In addition, the German Government is also examining possible mergers in order to avoid market concentration. As set out in the hart-Scott-Rodino Antitrust Improvements Act, large companies seeking to merge must first notify the Federal Trade Commission and the Antitrust Division of the Department of Justice before entering into a merger.  These authorities then first assess the proposed concentration by defining the market and then determining the market concentration on the basis of the Herfindahl-Hirschman Index (HHI) and the market share of each company.  The government is trying to prevent a company from developing market power that, if left unchecked, could lead to monopoly power.  Antitrust lawyers cooperate with extensive but structured and identifiable jurisprudence. They can also contribute to a sustainable evolution of case law. Finally, antitrust lawyers can also act as lawyers and lobbyists on behalf of companies when attempting to amend or supplement existing antitrust laws. Many antitrust lawyers find the field mentally challenging and personally rewarding. Remedies for violations of U.S. antitrust laws are as broad as any fair remedy a court has the power to seek, and it can also impose penalties. If private parties have suffered enforceable damage, they may seek compensation. Under the Sherman Act of 1890§7, these can be tripled, a measure to encourage private litigation to enforce laws and act as a deterrent. The courts may impose sanctions under §§ 1 and 2, which depend on the size of the company or enterprise.

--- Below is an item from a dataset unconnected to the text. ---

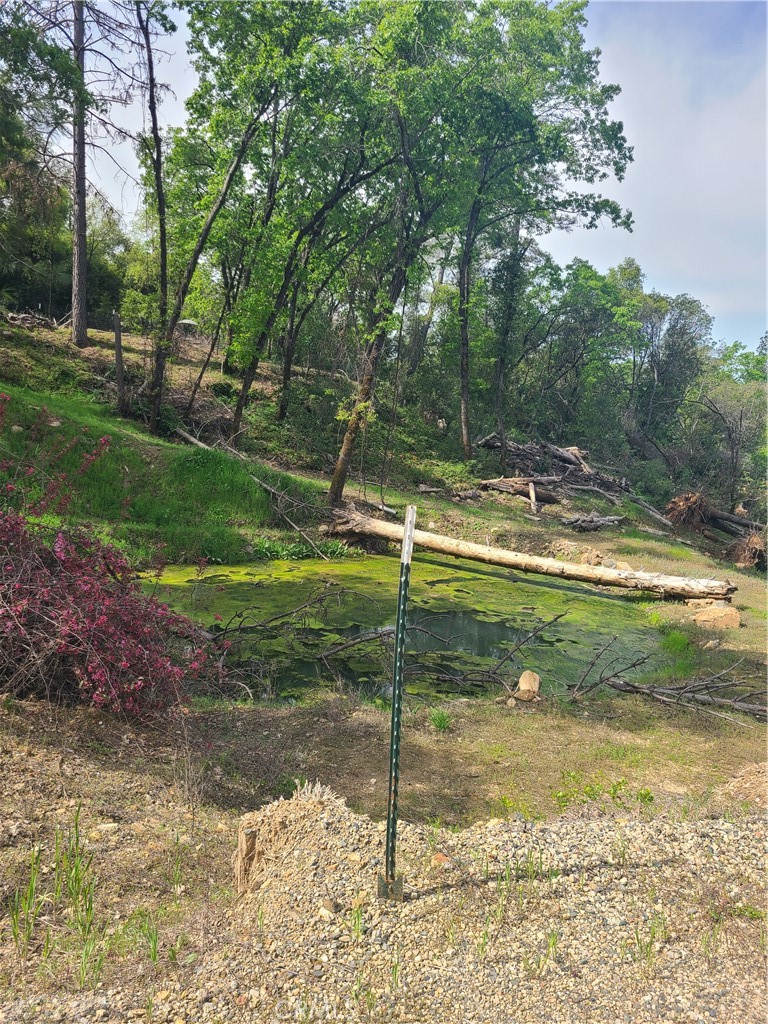 15811 Vierra Road Rackerby, CA 95972 - Photo 6 of 7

In their inherent jurisdiction to prevent violations in the future, the courts have further exercised the power to divide the companies into competing parties between different owners, although this remedy has rarely been exercised (e.g., Standard Oil, Northern Securities Company, American Tobacco Company, AT&T Corporation, and, albeit on appeal, Microsoft). Three levels of enforcement come from the federal government, primarily through the Department of Justice and the Federal Trade Commission, state governments, and private parties. Public enforcement of antitrust laws is considered important given the cost, complexity and daunting task for private parties, of litigation, especially against large corporations. Well-understood antitrust laws aim to deal with this market contradiction. In particular, they prohibit any abusive monopoly or any attempt to obtain a monopoly by an abusive means, that is to say, a monopoly obtained, maintained or attempted by an undertaking which intentionally destroyed its competitors or attempted to destroy them by employing anti-competitive tactics the sole or real aim of which was to harm competing undertakings. Antitrust laws also prohibit dominant companies from colluding to enforce unfair trading practices that tend to undermine “meritocracy” in any market they want to dominate or dominate through inappropriate practices. These laws also prohibit certain types of recognized commercial fraud, which by their very nature are designed to destroy competition in the market in which they are employed (the most notable culprits are bid-fixing, price-fixing and horizontal market sharing). The Sherman Act is the revolutionary law that prohibits antitrust behavior.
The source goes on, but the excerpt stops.